Tuesday, September 12, 2006

Watching your child play football in the rain is an experience. The mud, the slipping and sliding, whistles blowing, people screaming... you can completely forget the weather in situations like that.

Watching your child stand on the sidelines, in the rain, while "the best" players are playing is something else altogether. It's frustrating, heartbreaking, and you feel every cold little drop pelting your head.

Son's middle school policy for sports is "no-cut". This means that if you show up for tryouts you make the team. This means that the not-so goods practice right alongside the goods and the very goods. It does not mean, however, that everyone will play in the games.

Unfortunately, when it comes to game time, it's all about winning. The best players, the rising stars are, naturally, played. I do understand this to a certain point. If they stand out as exceptional players, you want them to go out there and make as many exceptional plays as they can. However, when the best players play constantly, when they are "iron-manned" (switched from offense to defense) and are hardly ever taken out, when they are played until the bitter end when your team is getting spanked by your opponents (we're talking a complete shut-out, here), then it begs the question: What's going on here ??

What is going on, coach, and why? Why have a "no cut" policy if you aren't playing half your team? Do you really think it's kinder to have them stand on the sidelines, game after game, never being called to the field, hoping this time you'll notice them, give them a chance to prove themselves and walking away from each game disappointed and discouraged and wondering why they even bother to come at all?

Why not live up to the glory promised by the term "TEAM" and give everyone a chance out there? At this age and level, isn't gaining experience what it's all about? Seriously, there's no national titles involved here, no sneaker deals or McDonalds commercials. So why not play them all? Why not play the team?

I know, I know. We all like to win. Winning is way more fun than losing. But it's even more fun when you're actively taking part in it. Victory without participation is hollow. Cheering on your team from the sidelines in a clean, dry uniform just doesn't cut it. Victory needs to be ground in like the mud and grass on the jersey and cleats. It smells sweetest that way. And every kid on the team deserves to have it ground in at least once or twice.

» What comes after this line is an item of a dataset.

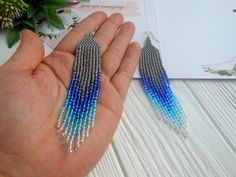 This is a long beaded earrings to the shoulders.  Such earrings are a vivid addition to the dress or summer blouse. Long earrings are becoming more popular and fashionable. It is also a great gift for someone close or for yourself. The earrings are packed in gift wrap, so they are ready for a gift. The earrings are made of Czech beads . The length of the earrings is 11,5 cm or 4,35 inches.(without taking into account the hook) Width of 2 cm or 0,8 inches. If you want a different color or size, w Summer Festival Beaded Fringe Tassel Earrings, Summer Festival Tassel Earrings With Beaded Fringe, Summer Party Beaded Fringe Earrings, Summer Tassel Earrings With Round Beads Fringe, Elegant Colorful Beaded Tassel Earrings For Festivals, Elegant Beaded Tassel Earrings For Summer, Elegant Festival Tassel Earrings With Colorful Beads, Elegant Colorful Beaded Tassel Earrings For Summer, Elegant Colorful Beaded Earrings For Summer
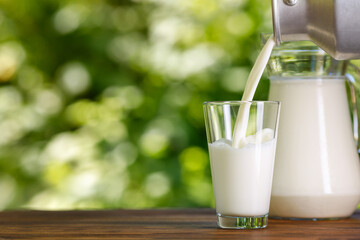 milk pouring from metal can into glass outdoors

If you haven't figured it out, I rode my share of benches through school. I know what it's like to sit out game after game, feeling like a loser even when we won because I didn't play. Feeling like double the loser when we lost because maybe I could have made the difference but I wasn't given the chance. I wasn't allowed to try. Riding the bench seriously undermines the spirit of "team" in those with close acquaintance to it. In hindsight, being cut would have been kinder. Then perhaps I wouldn't be tasting that bitterness again in motherhood, watching my son on the sidelines and feeling the ghost of that hard, lousy bench under my ass.